Текущая страница: 1 (всего у книги 5 страниц) [доступный отрывок для чтения: 2 страниц]

Анна Никольская
Чемодановна. Моя ужасная бабушка
Сказочная повесть




Глава 1
Вещи куда кошмарнее…

В ночь с субботы на воскресенье, приблизительно в три часа тридцать три минуты, в небольшом городе Большие Пупсы в небе что-то взорвалось.

Секунду спустя окошко детской в доме по улице Маршала Тараканова озарилось яркой вспышкой. Борис Эдуардович Прикольский юркнул под одеяло и притаился: а вдруг это разбилась тарелка с инопланетными существами? Прямо в их огороде, под тополями, где картошка цветёт! Сейчас они придут в себя, эти маленькие серо-буро-малиновые пришельцы из космоса, выберутся из-под осколков и начнут ломать входную дверь. А она у Прикольских всего-навсего деревянная! Её сломать – что глазом моргнуть, особенно если он у тебя один и светится прямо посредине живота.

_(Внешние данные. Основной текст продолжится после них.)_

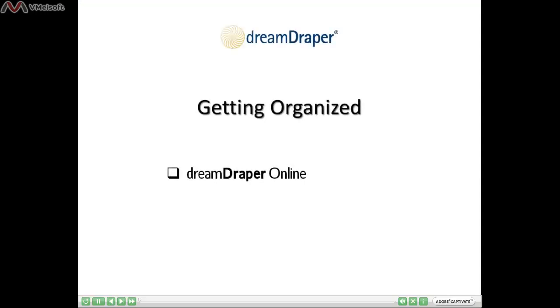This lesson will show you how to get organized if you are a Dream Draper online user. We do recommend that you view two of our other lessons before viewing this one.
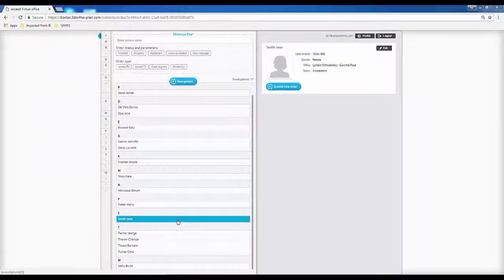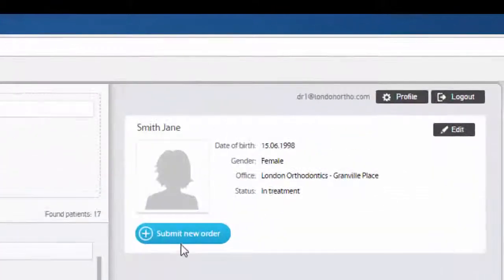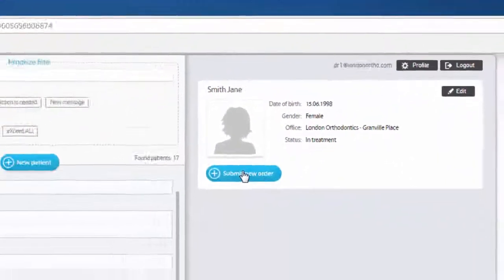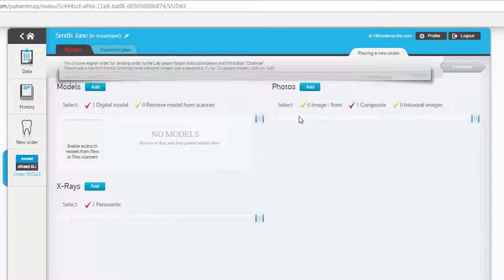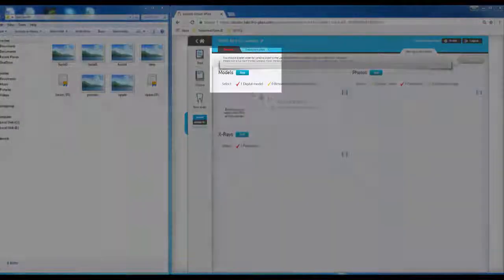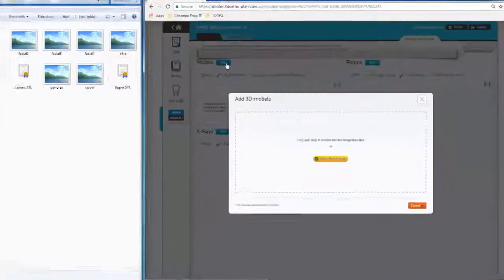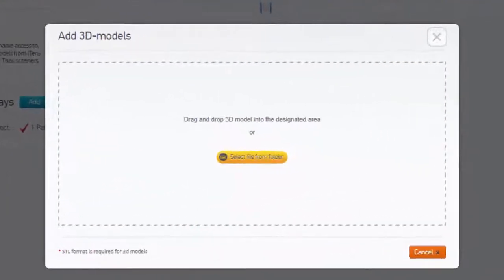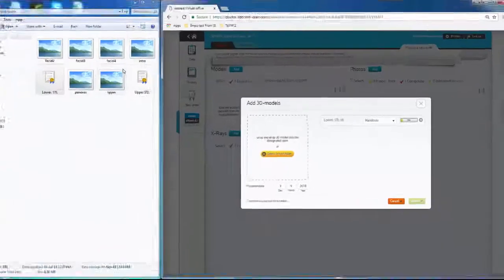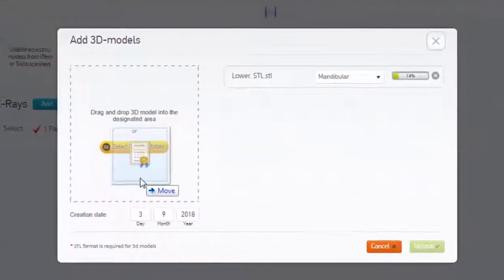After selecting the New Order command, the Records area is where the patient's diagnostic records are to be added. Start with the models. Drag and drop or simply select the upper and lower STL files to be uploaded.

– Ты где потерялся? – Одним рывком Ольга Эдуардовна сдёрнула с дрожащего Бориса Эдуардовича одеяло. – Только умоляю, не говори мне, что ты боишься грозы! Тебе сколько лет?

– Мне? – удивился Борис Эдуардович.

Дело в том, что они с Ольгой Эдуардовной родились в один день. В одном и том же городе Большие Пупсы, на одной и той же улице имени трижды героя Соплёнкова, на одном этаже и даже в одной и той же родильной палате. Скажем больше: у одной и той же мамы, прекрасной Шурочки Николаевны Прикольской! Так почему же теперь, в тот самый момент, когда их родной дом атакуют проклятые инопланетяне, Ольга Эдуардовна спрашивает, СКОЛЬКО ЕМУ ЛЕТ?!

– Мне девять, – с достоинством молвил Борис Эдуардович (он же Боря) и снова залез под одеяло. – Скоро будет десять.

– Вот именно, что девять! Заметь, не четыре и даже не семь с половиной! Тогда почему ты боишься грома и молний как какой-то восьмилетний карапуз? – С этими словами Ольга Эдуардовна (она же Оля) снова потянула одеяло на себя. Это было любимое Олино занятие – как в прямом, так и в переносном смысле.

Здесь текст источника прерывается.